--- EXERCISE REQUIREMENTS ---
Set down every line of the data, unchanged and complete.

[Stored data]
+-------+

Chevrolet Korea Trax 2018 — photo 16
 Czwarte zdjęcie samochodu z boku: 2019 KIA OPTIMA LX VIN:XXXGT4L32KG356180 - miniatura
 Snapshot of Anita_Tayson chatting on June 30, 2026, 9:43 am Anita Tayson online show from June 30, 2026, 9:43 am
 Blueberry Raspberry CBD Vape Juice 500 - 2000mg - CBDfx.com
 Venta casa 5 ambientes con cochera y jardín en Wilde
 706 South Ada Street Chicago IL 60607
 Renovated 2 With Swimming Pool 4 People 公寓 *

+-------+

--- SOLUTION FOR THIS EXERCISE ---
Chevrolet Korea Trax 2018 — photo 16
 Czwarte zdjęcie samochodu z boku: 2019 KIA OPTIMA LX VIN:XXXGT4L32KG356180 - miniatura
 Snapshot of Anita_Tayson chatting on June 30, 2026, 9:43 am Anita Tayson online show from June 30, 2026, 9:43 am
 Blueberry Raspberry CBD Vape Juice 500 - 2000mg - CBDfx.com
 Venta casa 5 ambientes con cochera y jardín en Wilde
 706 South Ada Street Chicago IL 60607
 Renovated 2 With Swimming Pool 4 People 公寓 *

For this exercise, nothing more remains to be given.